Het gezag van het rechterlijk gewijsde strekt zich uit tot wat de rechter over een geschilpunt heeft beslist, en tot hetgeen, ingevolge het geschil dat voor de rechter was gebracht en waarover de partijen daadwerkelijk de mogelijkheid hebben gehad om tegenspraak te voeren, de noodzakelijke, zij het impliciete grondslag van zijn beslissing vormt (Cass. 9 januari 2020, C.19.0188.N; Cass. 8 maart 2013, Arr.Cass. 2013, 660).
Het gezag van gewijsde blijft niet beperkt tot het beschikkende gedeelte van het vonnis/arrest. Het kleeft ook aan de redenen of motieven waarop de beslissingen noodzakelijk steunen.
Het gezag van het rechterlijk gewijsde in de zin van de artt. 23 e.v. Ger.W. strekt zich uit niet enkel tot hetgeen de rechter over een betwist punt heeft beslist, maar ook tot hetgeen, ingevolge het geschil dat voor de rechter was gebracht en waarover de partijen daadwerkelijk de mogelijkheid hebben gehad om tegenspraak te voeren, de noodzakelijke, zij het impliciete grondslag van zijn beslissing vormt.
Het begrip oorzaak in art. 23 Ger. Wetboek betreft de feitelijke gegevens die aan de vordering ten grondslag liggen en niet de juridische grondslag van de vordering (J. Laenens e.a., Handboek Gerechtelijk Wetboek, Antwerpen, Intersentia, 2016, p. 94-95, nr. 167 en p. 152-153, nr. 278).
De oorzaak van een eis betreffen niet langer de juridisch gekleurde feiten maar de naakte feiten zelf.
Het gegeven dat het voorwerp en de oorzaak van een definitief beslechte vordering niet dezelfde zijn als die van een latere vordering binnen dezelfde partijenconstellatie, sluit niet uit dat er overeenstemming kan zijn tussen bepaalde onderliggende geschilpunten, zodat de rechter een eerdere beslissing daarover moet navolgen.
Het gezag van gewijsde in strafzaken, zoals dit besloten ligt in artikel 4 van de Voorafgaande Titel van het Wetboek van Strafvordering, staat niet eraan in de weg dat een partij in een later burgerlijk proces de mogelijkheid krijgt om elementen te betwisten die uit het strafproces zijn afgeleid, in zoverre zij niet bij het strafgeding was betrokken of er niet vrij haar belangen heeft kunnen doen gelden.

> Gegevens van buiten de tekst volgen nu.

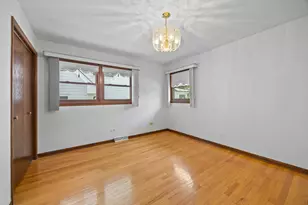 1012 Courtland Ave, Park Ridge, IL 60068 - Photo 18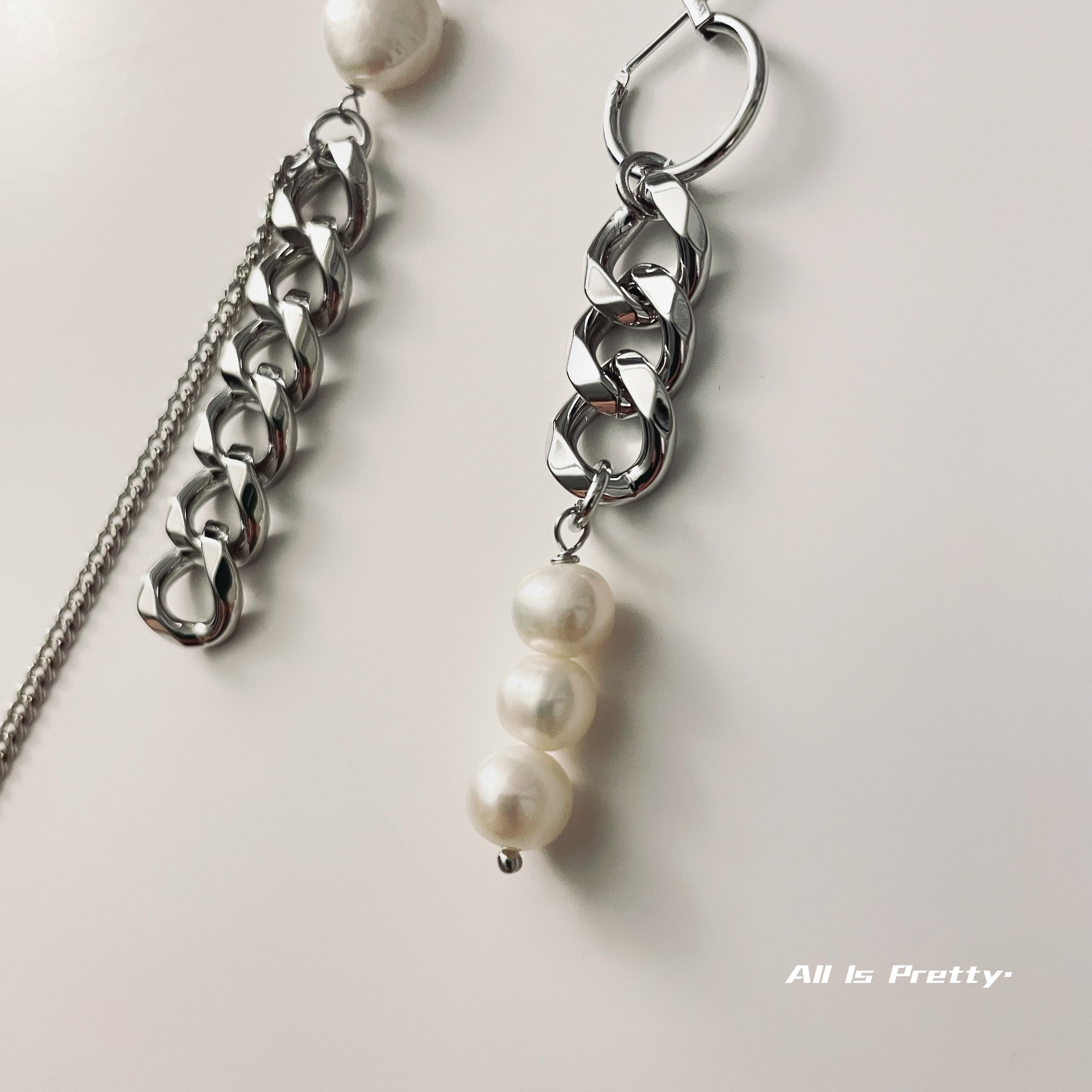 Unbalanced pearl chain earrings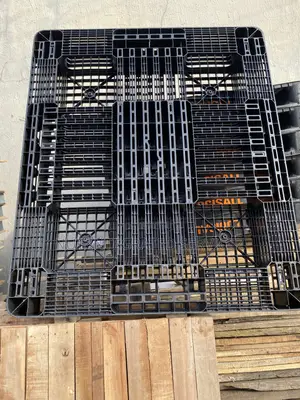 Guru Plastic Pallets - Heavy Duty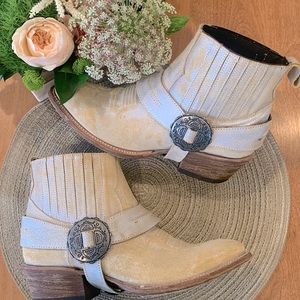 Matisse Judd all leather cowboy bootie size 8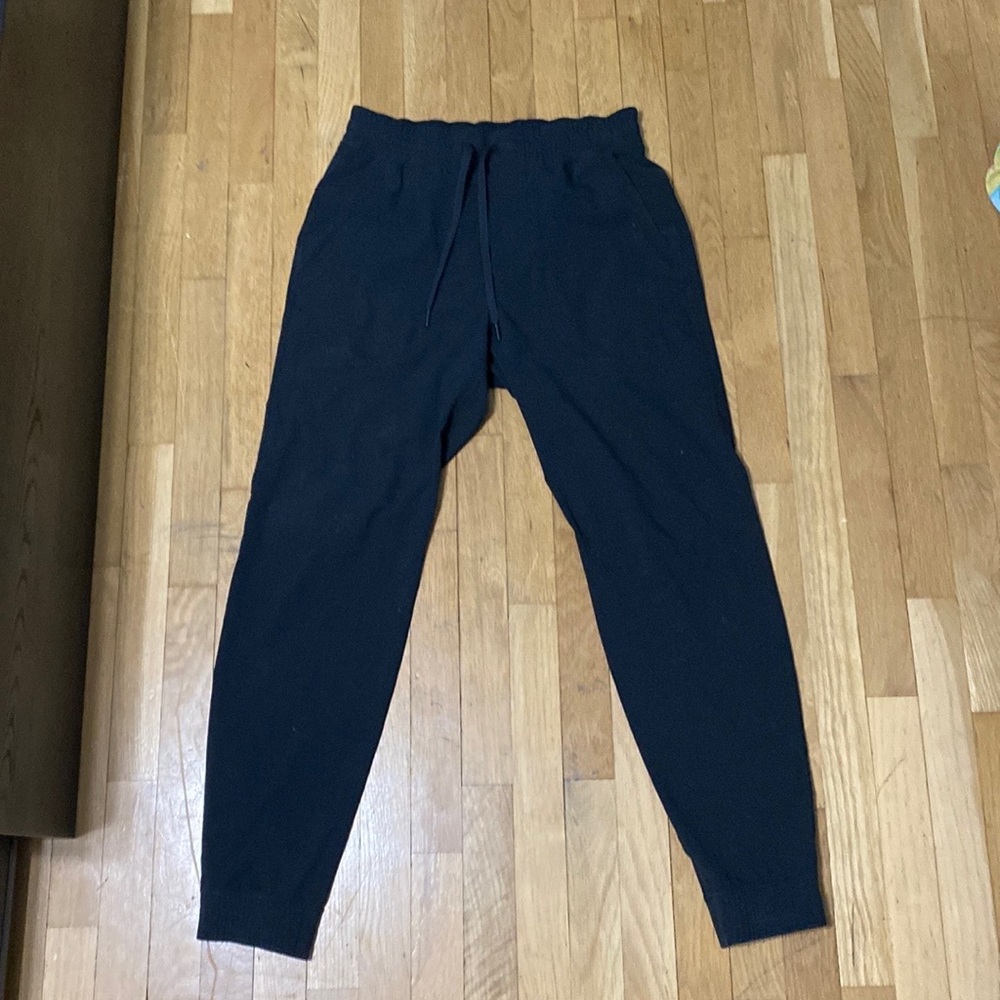 Lululemon ABC Jogger Ventlight Mesh size Medium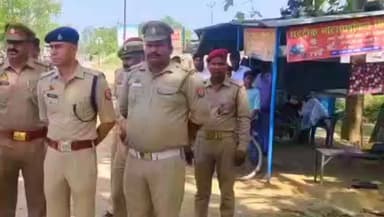 लखीमपुर: नकहा और चहमलपुर के बीच चलती कार की खिड़की से स्टंटबाजी पड़ी महंगी, यातायात पुलिस ने किया ₹7000 का चालान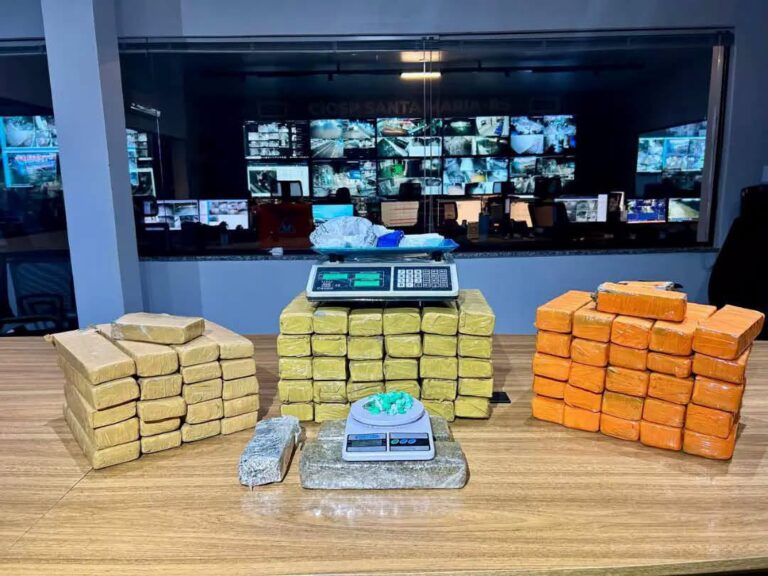 Polícia prende militar do Exército com mais de 50 kg de maconha e 800 g de cocaína em pensão no Bairro São José em Santa Maria.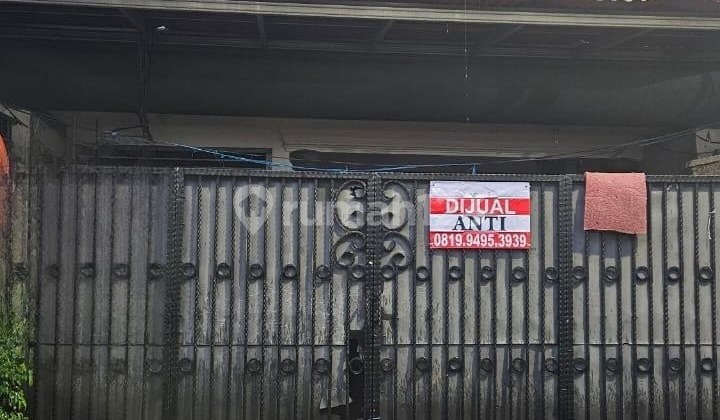 Cheap!! For Sale and Rent House on Jl Lumba Lumba Rawamangun, 2 Floors, Flood-Free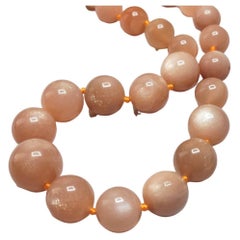 Vintage Peach Moonstone Necklace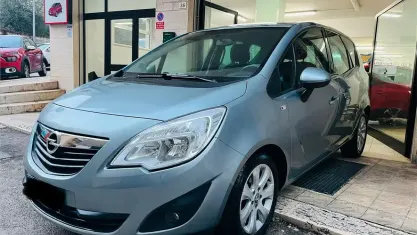 Usata Opel Meriva 95 CV (69 kW) 2012 Grigio Monovolume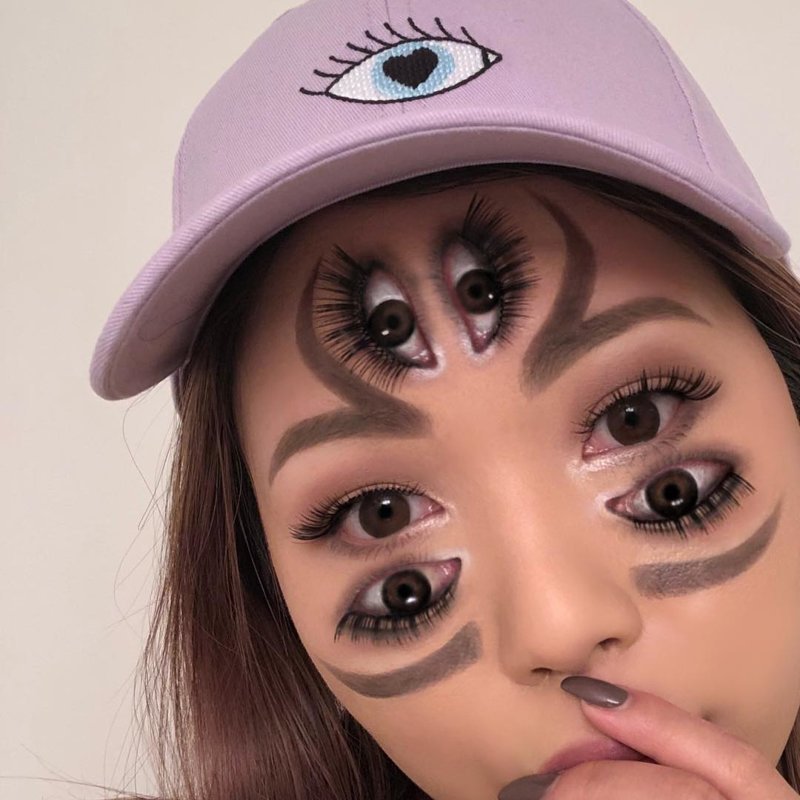 Мими Чой и её новые оптические преображения с помощью макияжа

Dit geldt ook in materies waarop artikel 6.1. van het EVRM niet toepasselijk is.
Weerlegbaar vermoeden ten aanzien van derden
Hoewel het gezag van gewijsde als onweerlegbaar vermoeden betrekkelijk is, in de zin dat het slechts tussen de partijen kan worden ingeroepen, belet dit niet dat de betrokken beslissing bewijswaarde heeft ten aanzien van derden als weerlegbaar vermoeden (Cass. 21 januari 2011, Pas. 2011, 239; Cass. 12 mei 2016, NJW 2016, 822; Cass. 14 november 2019, P&B 2020, 61).